Sadece et ürünlerinde değil, birçok farklı gıda ürününde de sahtecilik tespit edildi. Bakanlığın analiz sonuçlarına göre, salça olarak satılan bazı ürünlerde boya kullanıldığı belirlendi. Bu, özellikle doğal ürün tercih eden tüketiciler için büyük bir hayal kırıklığı yaratırken, halk sağlığını da ciddi şekilde tehlikeye atan bir durum olarak öne çıktı.

Zeytinyağı ürünlerinde de sahtecilik zirveye ulaşmış durumda. Yapılan testlerde, bazı firmaların zeytinyağı diye tohum yağı sattığı ortaya çıktı. Zeytinyağının doğal ve sağlıklı bir yağ olarak tercih edilmesi, tüketici nezdinde bu ürünlerin güvenirliğini daha da önemli hale getiriyor. Ancak, Bakanlığın yaptığı testlerde ortaya çıkan bu sonuçlar, tüketicilere “hangi ürüne güvenebiliriz” sorusunu sorduruyor.

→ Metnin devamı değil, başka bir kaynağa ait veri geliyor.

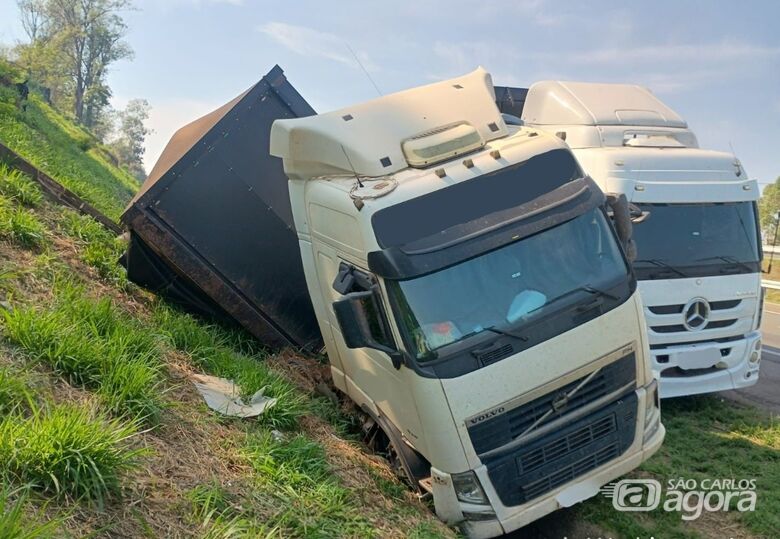 Motorista dorme ao volante e carreta tomba em talude na Washington Luís - Crédito: CCI Artesp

KEKİKTE YABANCI MADDE: DOĞAL GIDA ALGISI TEHLİKEDE

Salça ve zeytinyağındaki skandalların yanı sıra, son analizlerde kekik gibi baharatlarda da yabancı maddeler tespit edildi. Kekik gibi doğal ve şifalı olduğu düşünülen bir ürünün dahi sahtecilikten nasibini alması, gıda sektöründeki denetimlerin ne kadar gerekli olduğunu bir kez daha gözler önüne serdi. Yabancı maddelerle karıştırılmış baharatlar, tüketicilerin doğal gıda algısını ciddi şekilde zedelemiş durumda.

Tarım ve Orman Bakanlığı tarafından yayımlanan “sahtecilik” listesinde yer alan diğer ürünler de benzer tehlikeler içeriyor. Bakanlık, düzenli olarak yaptığı denetimlerle bu tür hileli gıdaları piyasadan çekmeye çalışsa da, işletmelerin bu sahtekârlık yarışına devam etmesi endişe yaratıyor.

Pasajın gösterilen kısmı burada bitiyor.